Thursday, November 3, 2016

Can RocksDB and InnoDB play along in MySQL?

My recent post about importing a big dataset from InnoDB into MyRocks has attracted quite a lot of attention (thank you Mark!) and also it has been pointed out that what I wrote about coexistence of MyRocks and InnoDB was incorrect.

In fact, I had been asking about it at Percona Live last month, but got a negative answer.... plus I had tried it at first but got a mysqld crash during crash recovery once, so since it was not important for my use case I went ahead and disabled InnoDB entirely.

But of course, as I have written previously, using both engines in the same server is something that I would really, really love to have, so I thought to give it a try with a very simple use case.

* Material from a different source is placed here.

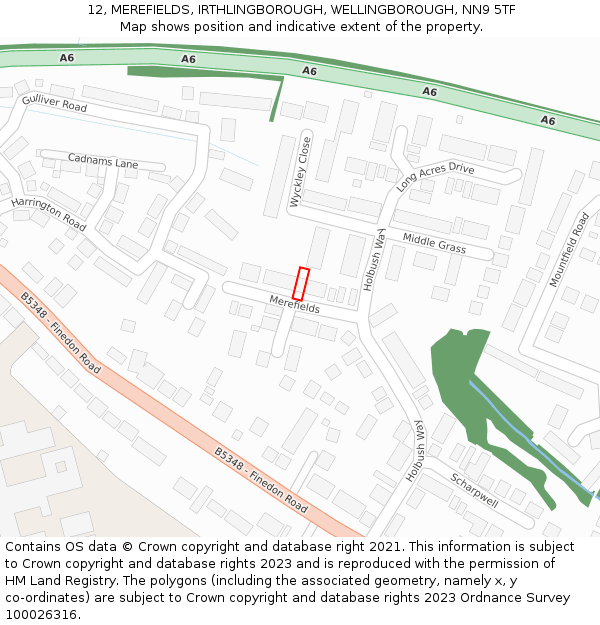 12, MEREFIELDS, IRTHLINGBOROUGH, WELLINGBOROUGH, NN9 5TF: Location map and indicative extent of plot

So I created the following two tables, each one with a different engine:

Create Table: CREATE TABLE `some_innodb_table` (
  `id` int(11) NOT NULL AUTO_INCREMENT,
  `descr` char(10) COLLATE latin1_bin DEFAULT NULL,
  PRIMARY KEY (`id`)

) ENGINE=InnoDB DEFAULT CHARSET=latin1 COLLATE=latin1_bin

Create Table: CREATE TABLE `some_rocksdb_table` (
  `id` int(11) NOT NULL AUTO_INCREMENT,
  `descr` char(10) COLLATE latin1_bin DEFAULT NULL,
  PRIMARY KEY (`id`)
) ENGINE=ROCKSDB DEFAULT CHARSET=latin1 COLLATE=latin1_bin


The idea was to fill the two tables with some data, then kill the mysqld process and verify that the crash recovery was able to recover both engines fully.

Speaking with my friend, the great René Cannaò, he suggested a very simple way to set up a quick test for the above. Basically, it would be enough to prepare a file with the needed insert statement in them  (one file per engine) and then execute many parallel mysql clients, feeding the file with statements into them.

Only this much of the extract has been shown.